By Andy Thomas, Director of Physiquipe
I recently read the article on Michael Johnson’s recovery post stroke last year. We work with some of the highest profile sports teams in the world, so to see one of the greatest athletes of all time reduced to completing 200m in 15 minutes, when he had completed it in a then world record time of 19.32 seconds, is a scary thought. So much time, money and effort is put in to rehabilitation of the elite athlete and most top teams have incredible medical departments with the most advanced technology.
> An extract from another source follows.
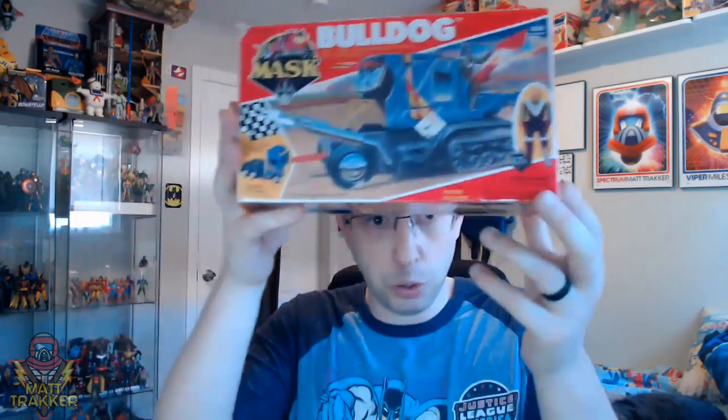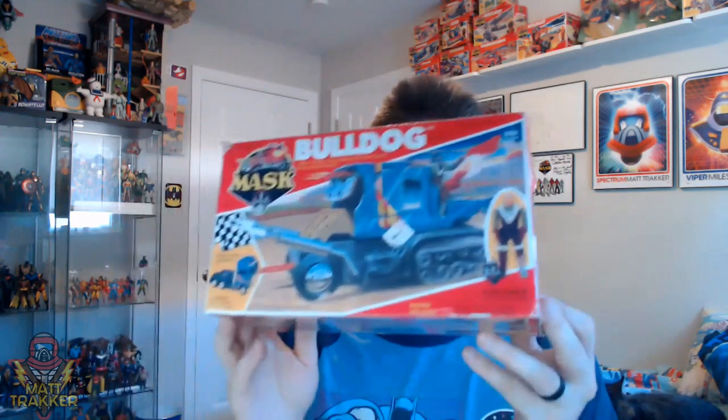It just so happens that I actually have the box for Bulldog so I can review the box too. Sometimes you'll find a box kind of thrown into a lot — basically people just throw them in to get rid of them. They recognize that they're valuable to somebody but they just don't want them anymore, so they throw them in, and that's how I got this one.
It raises the question, what challenges are the NHS facing and are they offering what is needed in neurological rehabilitation?
“There are over 113,000 strokes every year in the UK (Rothwell et al., 2004)* and there are over 950,000 stroke survivors aged 45 years and over (Geddes et al., 1996).* Many of these stroke survivors experience significant and long-term physical and psychological impacts, repeat strokes, transient ischaemic attacks (TIAs) and/or death within a year of stroke (Stroke Association, 2017). We estimate that annual NHS costs of stroke are set to treble from £3.4 billion in 2015 to £10.2 billion in 2035.”
The Prime Minister launched the governments 10 year plan this week which is aimed at prevention and early detection. However, is the NHS going to be able to cope with this bearing in mind “some senior doctors have warned hospitals were facing a near-on impossible task” or will it be left to the private sector to offer such services?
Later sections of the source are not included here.